Saved entries:
————

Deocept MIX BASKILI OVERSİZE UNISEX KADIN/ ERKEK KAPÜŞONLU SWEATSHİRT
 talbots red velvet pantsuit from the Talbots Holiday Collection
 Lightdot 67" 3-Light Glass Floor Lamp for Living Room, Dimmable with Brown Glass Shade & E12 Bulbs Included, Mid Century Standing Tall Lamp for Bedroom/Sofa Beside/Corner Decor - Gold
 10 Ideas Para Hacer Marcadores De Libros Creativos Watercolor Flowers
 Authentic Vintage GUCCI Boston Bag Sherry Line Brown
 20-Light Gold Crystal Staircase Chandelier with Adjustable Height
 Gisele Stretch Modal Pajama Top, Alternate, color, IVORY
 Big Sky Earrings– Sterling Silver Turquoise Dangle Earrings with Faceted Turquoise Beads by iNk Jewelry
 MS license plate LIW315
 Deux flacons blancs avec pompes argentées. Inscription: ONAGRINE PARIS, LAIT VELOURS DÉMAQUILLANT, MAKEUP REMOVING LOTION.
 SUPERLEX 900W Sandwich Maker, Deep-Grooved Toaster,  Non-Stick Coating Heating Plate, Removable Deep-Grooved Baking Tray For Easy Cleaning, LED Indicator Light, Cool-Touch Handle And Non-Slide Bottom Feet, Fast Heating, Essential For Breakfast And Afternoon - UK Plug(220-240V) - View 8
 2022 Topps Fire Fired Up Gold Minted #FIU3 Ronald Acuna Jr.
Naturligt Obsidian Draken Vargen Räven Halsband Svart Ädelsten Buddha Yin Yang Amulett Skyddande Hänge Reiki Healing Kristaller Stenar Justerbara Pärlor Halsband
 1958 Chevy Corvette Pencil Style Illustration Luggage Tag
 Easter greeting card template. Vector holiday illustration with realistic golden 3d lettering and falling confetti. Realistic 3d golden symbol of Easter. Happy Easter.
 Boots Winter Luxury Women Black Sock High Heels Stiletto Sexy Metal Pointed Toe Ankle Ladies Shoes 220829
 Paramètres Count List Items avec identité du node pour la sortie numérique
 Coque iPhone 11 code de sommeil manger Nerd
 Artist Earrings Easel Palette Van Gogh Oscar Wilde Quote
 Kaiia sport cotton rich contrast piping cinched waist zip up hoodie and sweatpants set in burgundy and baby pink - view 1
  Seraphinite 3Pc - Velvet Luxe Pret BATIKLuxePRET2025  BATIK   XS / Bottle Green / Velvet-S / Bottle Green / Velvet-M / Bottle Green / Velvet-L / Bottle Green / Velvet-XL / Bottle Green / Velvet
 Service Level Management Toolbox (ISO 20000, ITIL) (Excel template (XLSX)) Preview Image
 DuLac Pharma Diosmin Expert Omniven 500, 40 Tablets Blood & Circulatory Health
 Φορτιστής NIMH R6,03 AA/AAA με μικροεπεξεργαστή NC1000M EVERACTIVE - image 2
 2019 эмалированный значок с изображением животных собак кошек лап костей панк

————

### TASK ITEM
Only a number is wanted here: the count of lines above that hold the word "Earrings".

### RESULT
2